Write-Heavy Architecture Overview

The key insight: writes flow through layers. Each layer absorbs pressure so the next layer can process at its own pace. Let’s work through each pattern.

Pattern 1: Async Write Queues — Absorb the Spike

The single most effective pattern for write scaling: don’t write to the database synchronously. Put a queue in front of it.
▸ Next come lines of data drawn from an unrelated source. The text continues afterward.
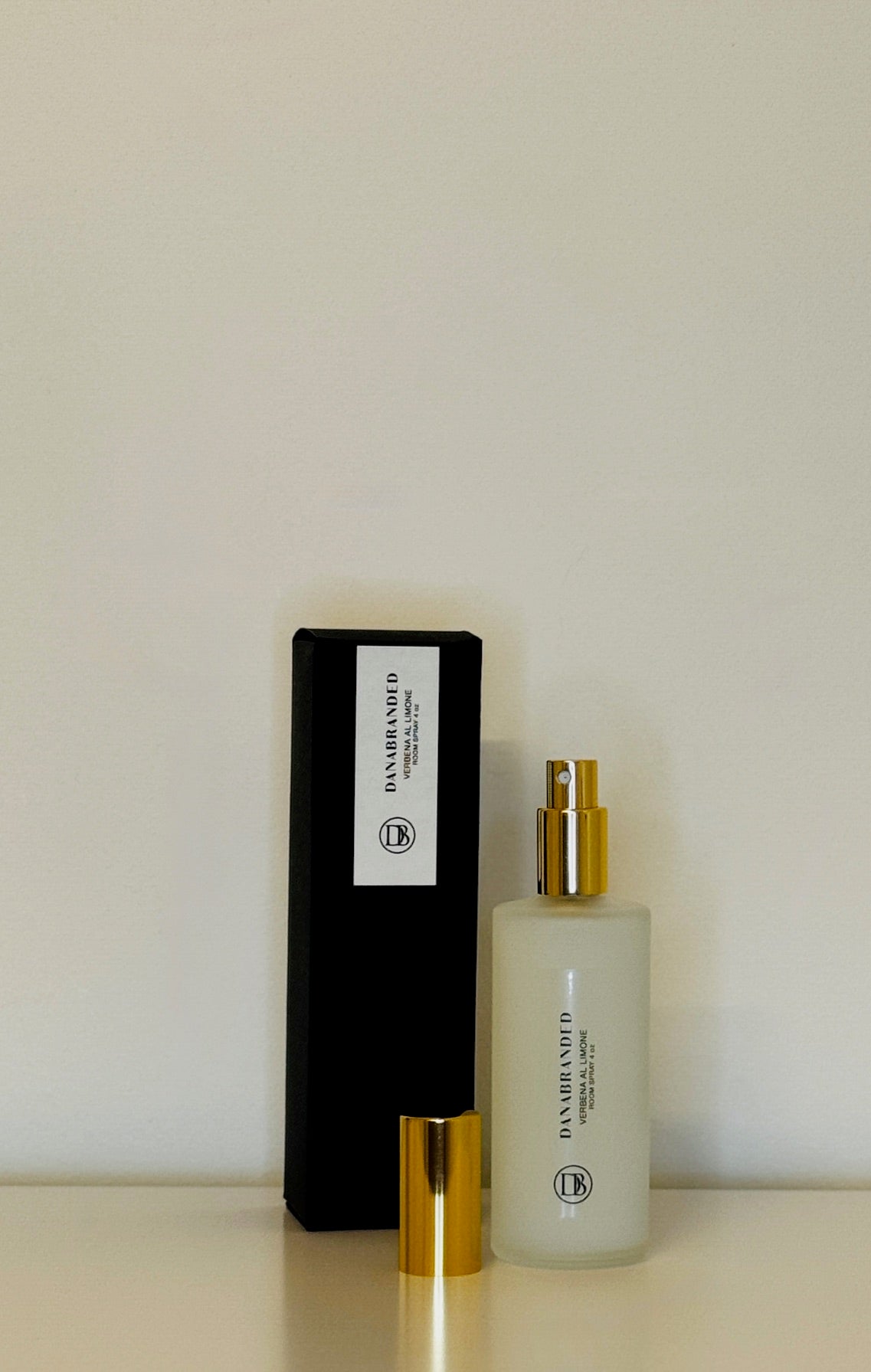 Room and Linen Spray in Verbena Al Limone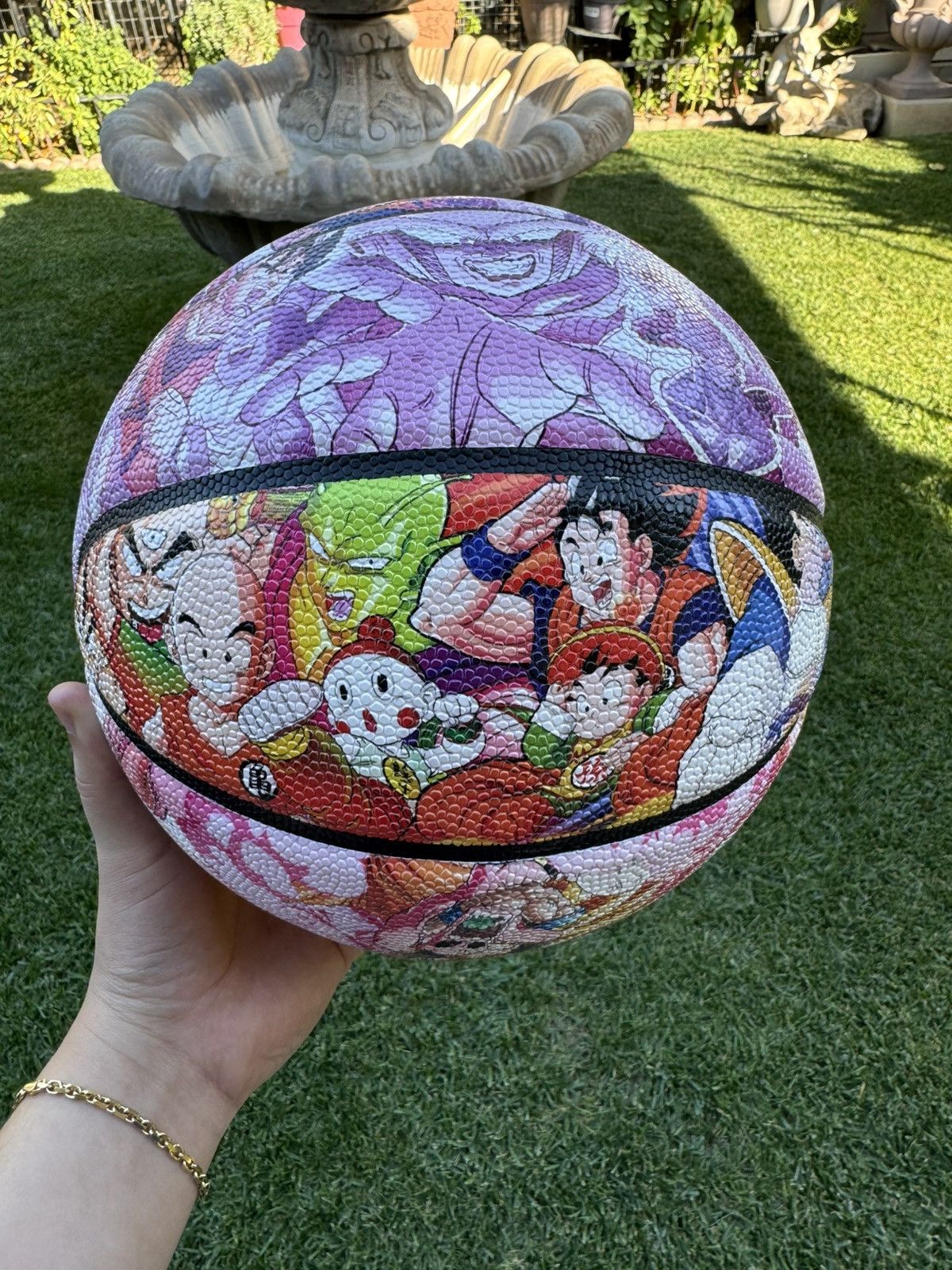 Other Dragon Ball Z Basketball Size ONE SIZE - 4 Thumbnail
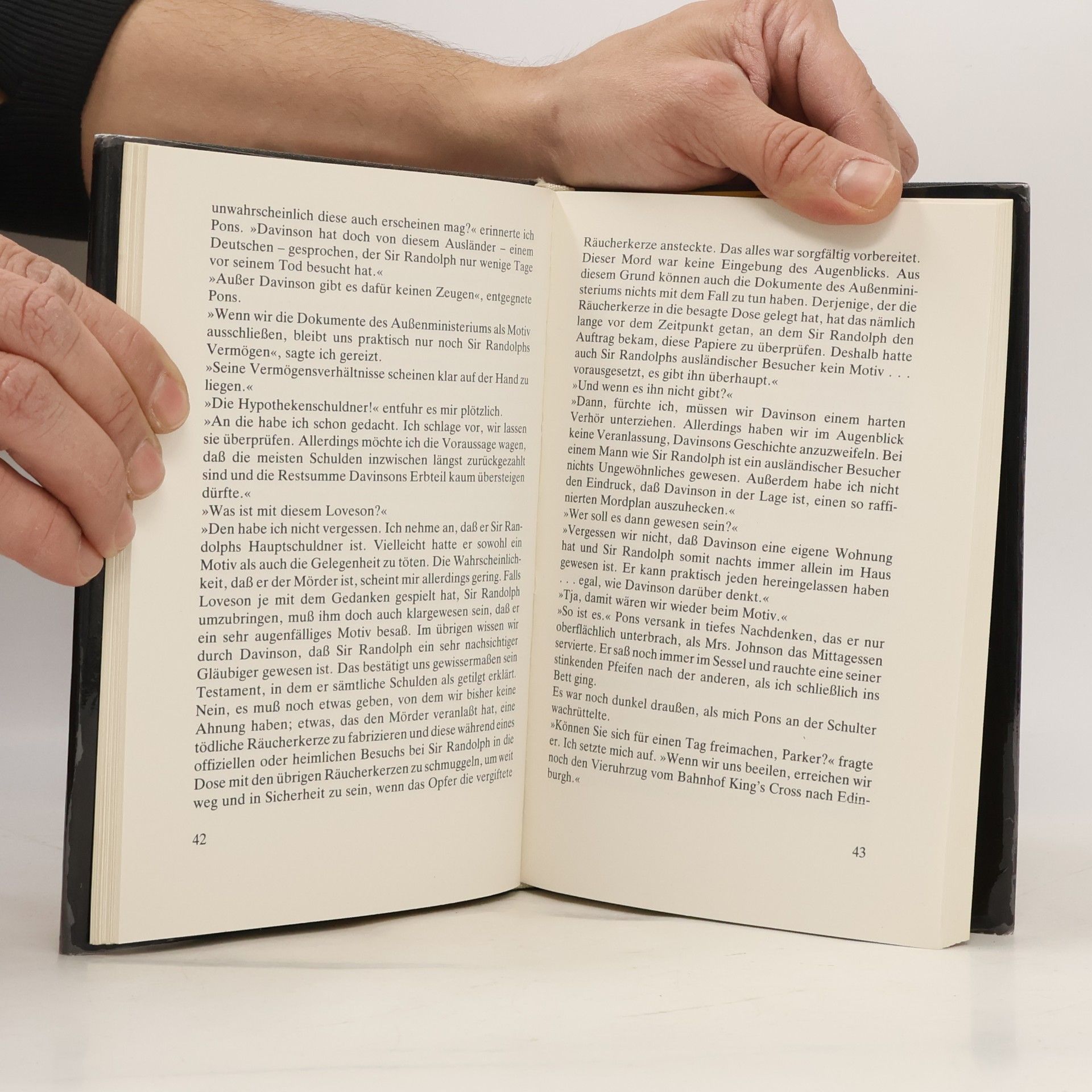 Autorenkollektiv Schwarze Schatten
The queue acts as a shock absorber. Traffic spikes hit the queue, not the database. Workers consume at a steady rate the database can handle.

Implementation with Kafka

import { Kafka, Partitioners } from 'kafkajs';

const kafka = new Kafka({
  brokers: [process.env.KAFKA_BROKER],
  clientId: 'write-service',
});

// --- Producer: API Server ---
const producer = kafka.producer({
  createPartitioner: Partitioners.DefaultPartitioner,
});

async function handleOrderCreate(req: Request, res: Response) {
  const order = req.body;

  // Validate synchronously
  if (!order.items?.length) {
    return res.status(400).json({ error: 'Empty order' });
  }

  // Enqueue — returns instantly
  await producer.send({
    topic: 'orders',
    messages: [{
      key: order.userId, // Same user = same partition = ordering
      value: JSON.stringify({
        type: 'ORDER_CREATED',
        payload: order,
        timestamp: Date.now(),
      }),
    }],
  });

  // Return 202 Accepted — not 201 Created
  res.status(202).json({
    status: 'accepted',
    message: 'Order is being processed',
  });
}

// --- Consumer: Worker ---
const consumer = kafka.consumer({ groupId: 'order-writers' });

async function startWorker() {
  await consumer.connect();
  await consumer.subscribe({ topic: 'orders', fromBeginning: false });

  await consumer.run({
    eachMessage: async ({ message, heartbeat }) => {
      const event = JSON.parse(message.value.toString());

      try {
        await processOrder(event.payload);
        // Offset auto-committed on success
      } catch (err) {
        // Send to dead-letter queue for manual review
        await producer.send({
          topic: 'orders-dlq',
          messages: [{ value: message.value }],
        });
      }

      await heartbeat();
    },
  });
}

Key Design Decisions

Return 202, not 201. The write hasn’t happened yet. The client gets a fast acknowledgment, and the actual write happens asynchronously. If the client needs confirmation, use a webhook or polling endpoint.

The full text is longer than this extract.